*WHAT TO WORK ON:* Leave every image behind and restate the data word for word.

*THE DATA:*
· · ·

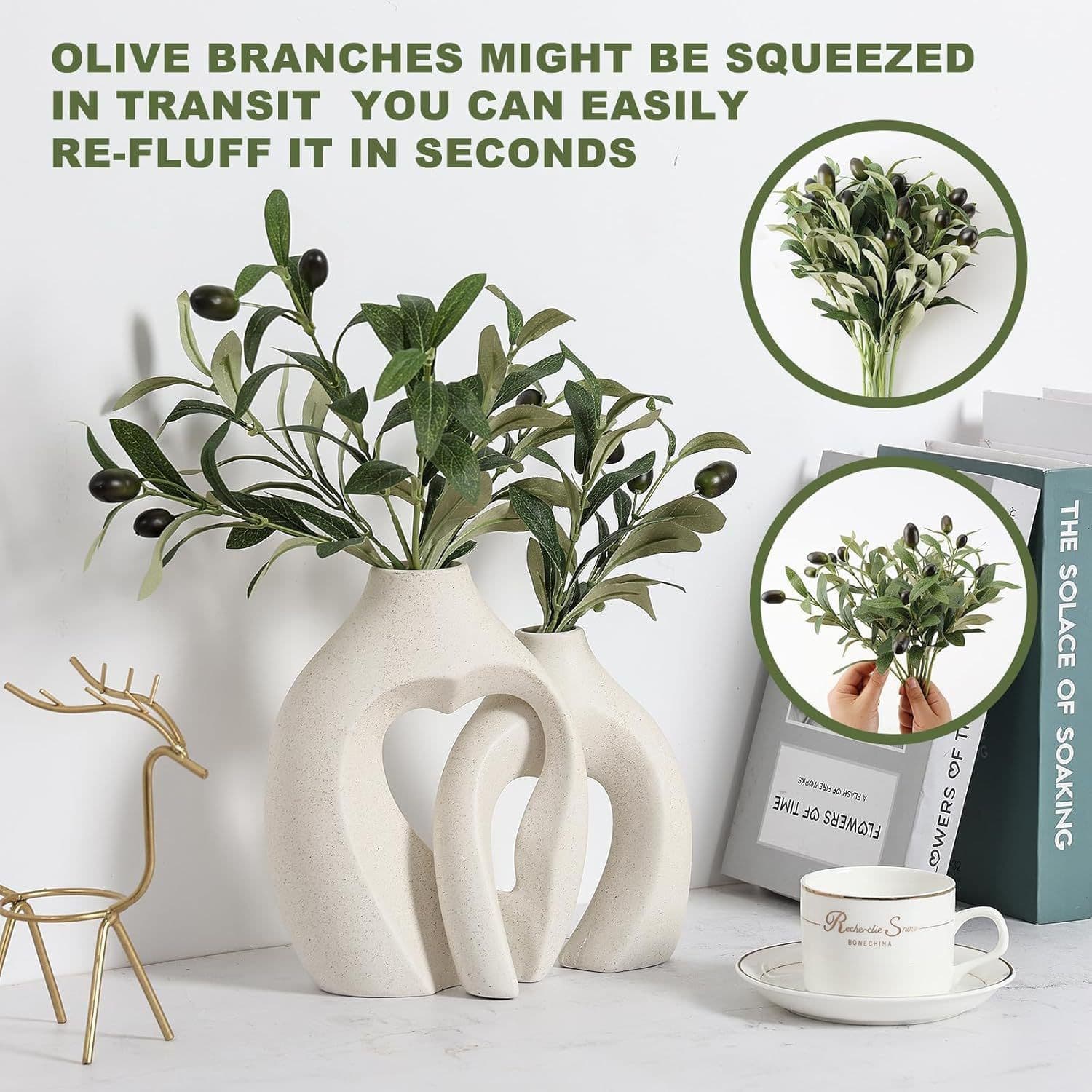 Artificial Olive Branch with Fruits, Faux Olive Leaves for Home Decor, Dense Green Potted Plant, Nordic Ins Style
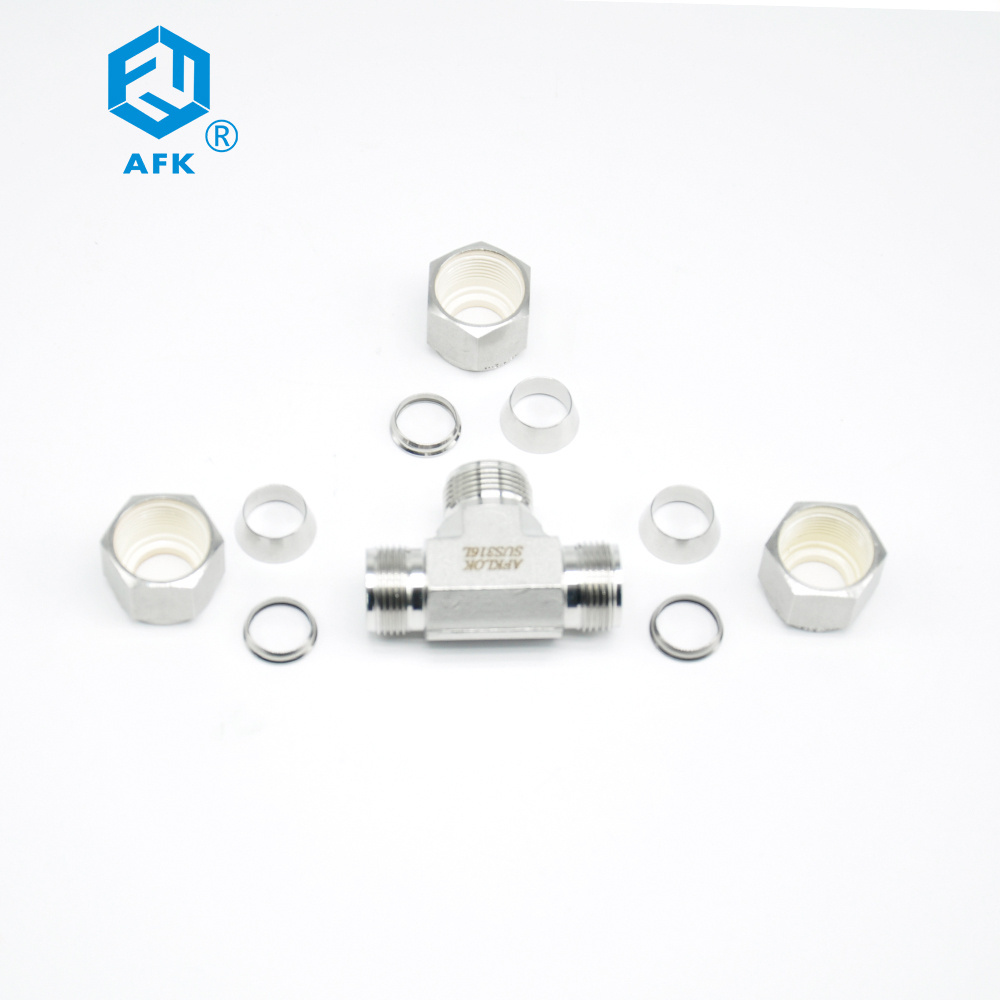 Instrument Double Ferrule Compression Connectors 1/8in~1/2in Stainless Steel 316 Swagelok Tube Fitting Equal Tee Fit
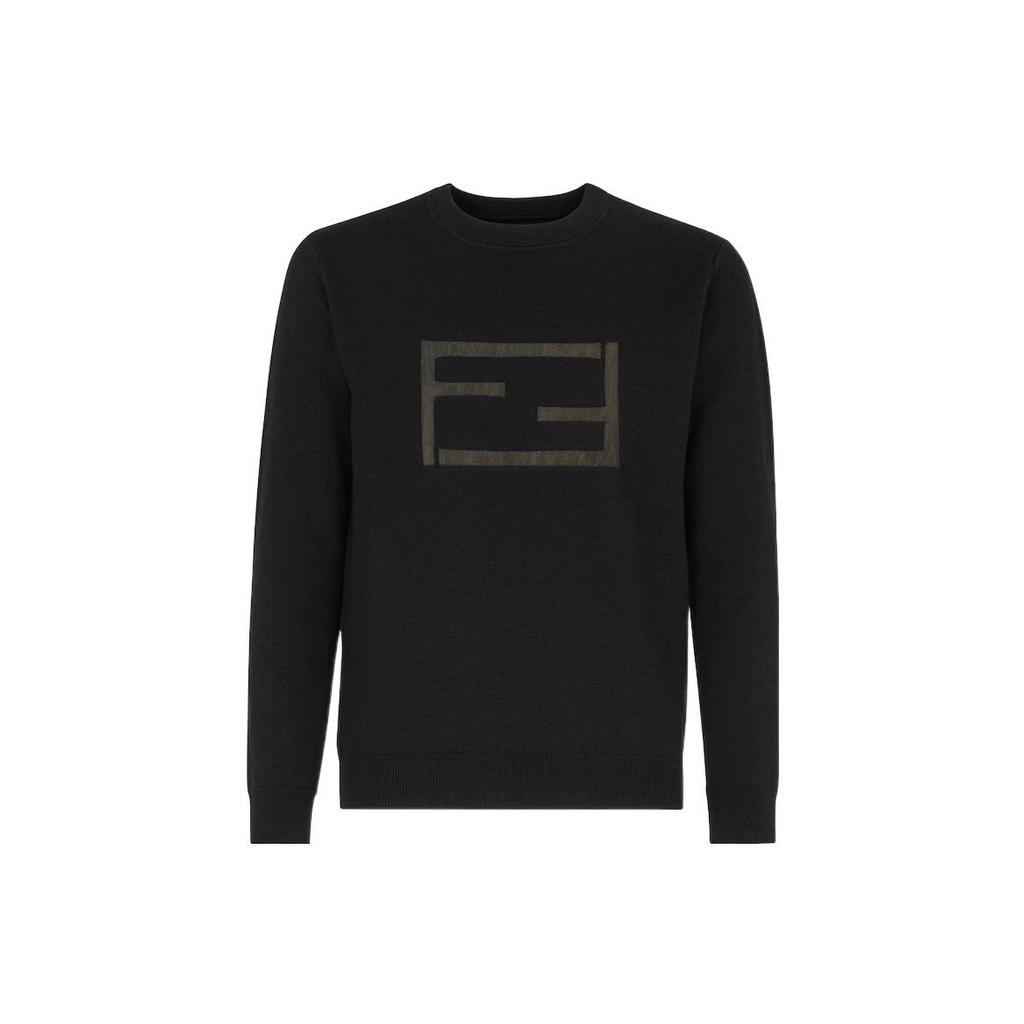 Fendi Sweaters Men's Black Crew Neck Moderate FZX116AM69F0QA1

· · ·

*EXERCISE ANSWER:*
 Artificial Olive Branch with Fruits, Faux Olive Leaves for Home Decor, Dense Green Potted Plant, Nordic Ins Style
 Instrument Double Ferrule Compression Connectors 1/8in~1/2in Stainless Steel 316 Swagelok Tube Fitting Equal Tee Fit
 Fendi Sweaters Men's Black Crew Neck Moderate FZX116AM69F0QA1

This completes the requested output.